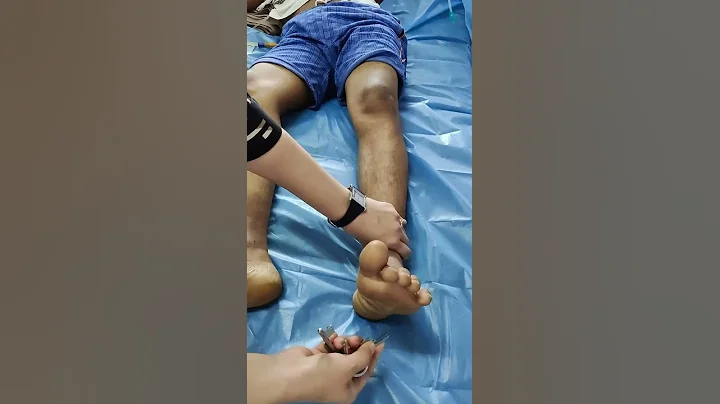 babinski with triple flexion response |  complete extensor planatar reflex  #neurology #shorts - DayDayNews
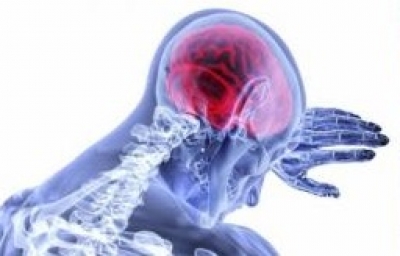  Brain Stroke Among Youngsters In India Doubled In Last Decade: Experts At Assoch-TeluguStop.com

--*--

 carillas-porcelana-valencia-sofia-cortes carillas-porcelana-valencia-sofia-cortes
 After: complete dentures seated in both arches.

--*--

## Problem to solve
Go back to the listing above and reproduce, exactly, the stretch from the line bearing "babinski with triple" through the line bearing "Brain Stroke Among", without its pictures.

## Result for this exercise
 babinski with triple flexion response |  complete extensor planatar reflex  #neurology #shorts - DayDayNews
  Brain Stroke Among Youngsters In India Doubled In Last Decade: Experts At Assoch-TeluguStop.com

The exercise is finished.